Lo spazio che utilizziamo su una slide non corrisponde allo spazio della scrittura classico: mentre nello spazio classico della pagina abbiamo una sola dimensione che si dipana come un filo (lo spazio delle righe del testo, una sotto l’altra), lo spazio della slide è uno spazio che vive, come del resto accade in tutti i media digitali, in due dimensioni.

Uno spazio pittorico, insomma, o topologico, che  convive costantemente con la disposizione spaziale degli elementi e con il vuoto. Nessuno leggerà blocchi di testo fitti, anche se formalmente scanditi da punti elenco:

Punti elenco stretti

Mentre in una relazione su carta un elenco come quello sopra non darebbe alcun problema, in una slide questi punti elenco attaccati tra di loro creano uno spiacevole effetto “blocco di testo” e vengono percepiti come un tutt’uno. In genere, un tutt’uno indigeribile.

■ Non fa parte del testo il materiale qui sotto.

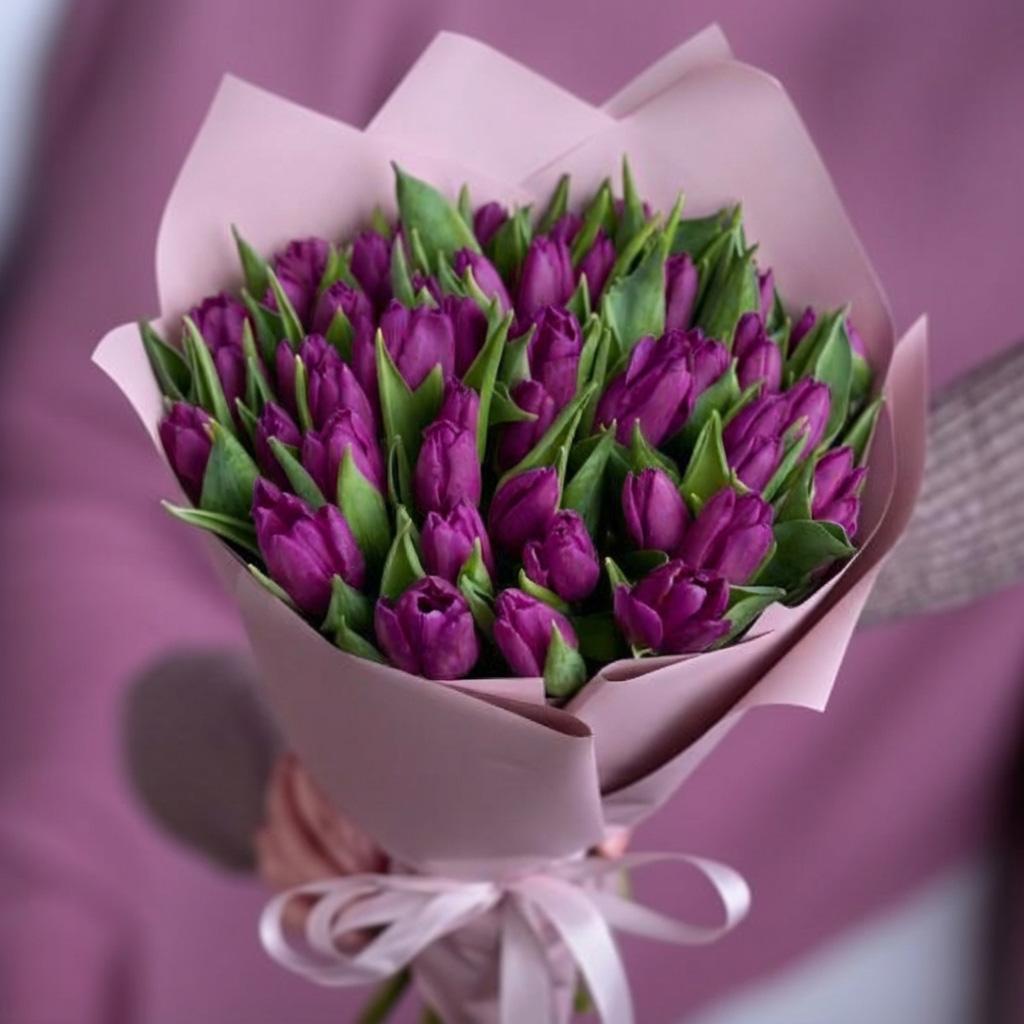 45 фиолетовых тюльпанов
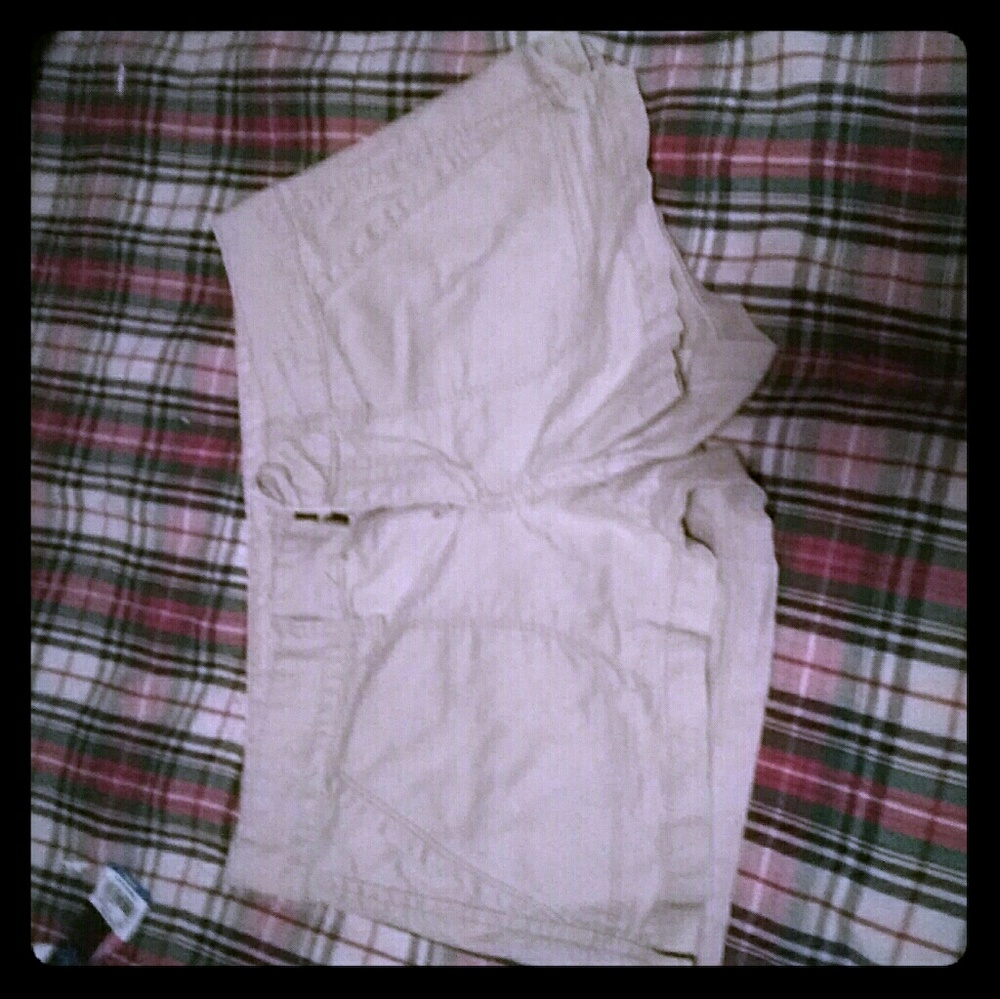 Arizona caki shorts.. PRICE NEGOTIABLE!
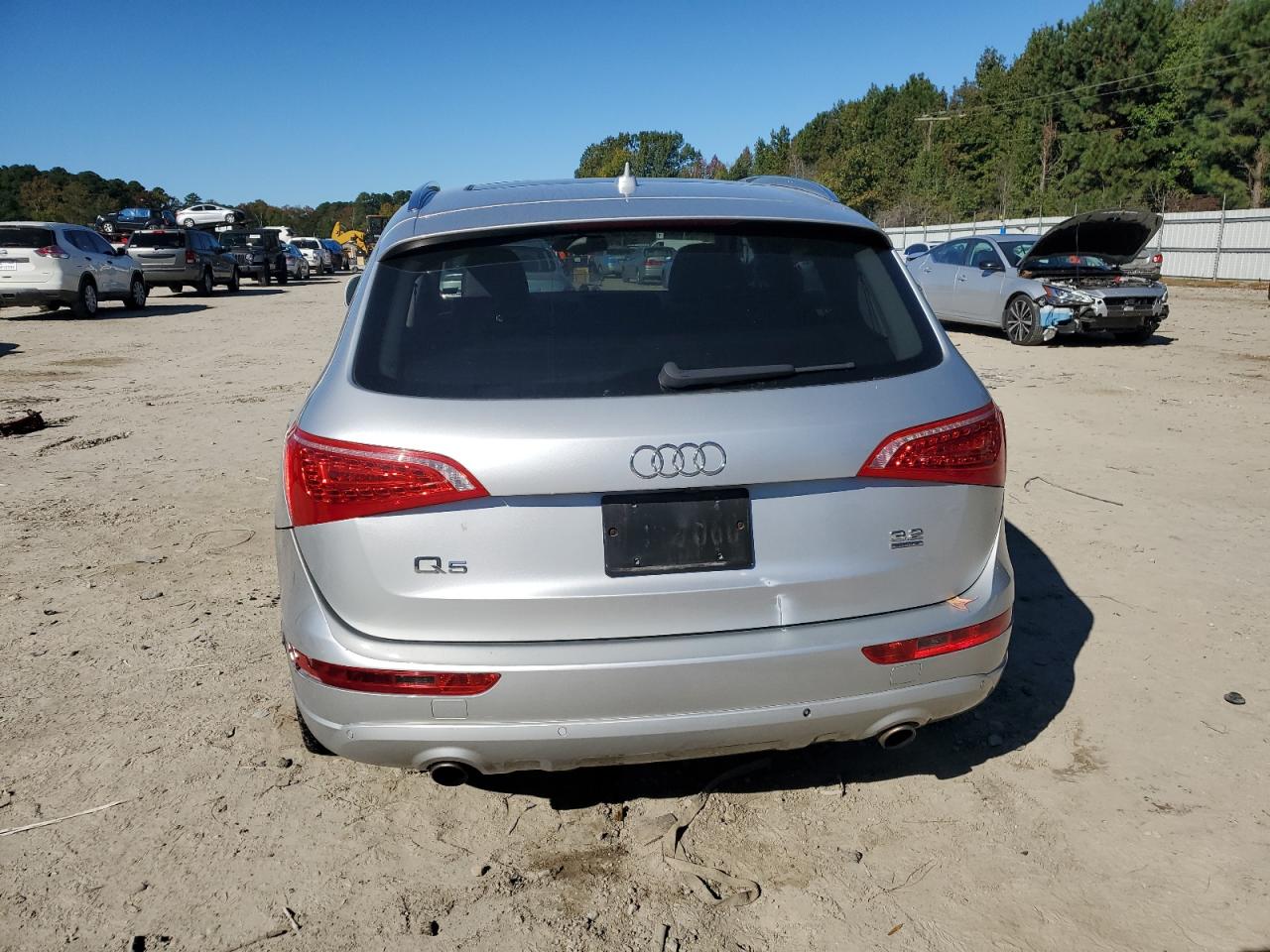 2010 Audi Q5 Premium Plus VIN: WA1LKAFP9AA091101 Lot: 86195725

Per questo è sempre bene “fare passare l’aria” fra i vari punti elenco, occupando entrambe le dimensioni della slide e non solo l’unica dimensione costituita dallo “spazio della scrittura”

Punti elenco larghi

Ricordate: non c’è nessuna ragione per mettere i punti uno sotto l’altro di seguito. Fate spazio al vostro testo, scandite con lo spazio i vostri punti elenco, evitate i blocchi compatti, disponete in modo arioso il vostro testo. Farete così spazio anche nella mente dei vostri ascoltatori.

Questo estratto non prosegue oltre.